Padre Miguel Marte 

Supliqué, y se me concedió la prudencia; invoqué, y vino a mí el espíritu de sabiduría. La preferí a cetros y tronos, y, en su comparación, tuve en nada la riqueza. No le equiparé la piedra más preciosa, porque todo el oro, a su lado, es un poco de arena, y, junto a ella, la plata vale lo que el barro. La quise más que la salud y la belleza, y me propuse tenerla por luz, porque su resplandor no tiene ocaso. Con ella me vinieron todos los bienes juntos, en sus manos había riquezas incontables. (Sabiduría 7, 7-11).
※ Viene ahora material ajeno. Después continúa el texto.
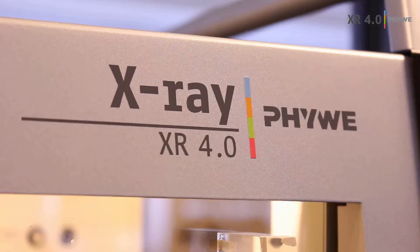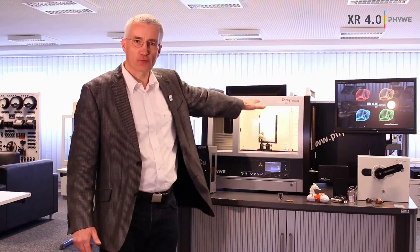The company is now more than 100 years old and this is our fourth generation X-ray instruments for teaching. The advantages in teaching are: it's very affordable, it's very versatile, it's very easy to use, and it's also computer assisted.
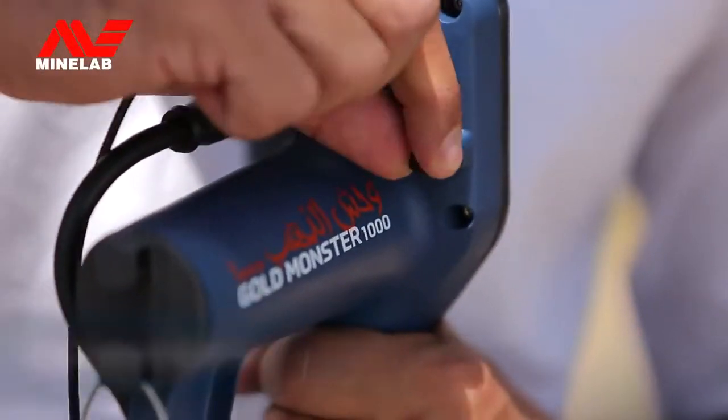If you prefer to use headphones while detecting, then connect the headphones to the control box.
Se trata de un fragmento del llamado “elogio de la Sabiduría”, que comprende los capítulos 7 y 8 del libro que lleva ese mismo nombre. En estos versículos el autor pone en labios de Salomón una oración pidiendo Sabiduría. Con ella recrea aquella ocasión en que el hijo de David, al ser elegido rey, fue a un santuario a pedir Sabiduría para poder gobernar al pueblo. Allí pidió un corazón sabio (1Re 3,9). En nuestro texto, el orante prefiere la Sabiduría a todos los bienes materiales que el poder lleva consigo. La Sabiduría sobre todo se recibe, aunque haya que pedirla. Pedirla es ya un acto sabio: el hombre reconoce que por sí mismo no puede alcanzar todo lo que busca.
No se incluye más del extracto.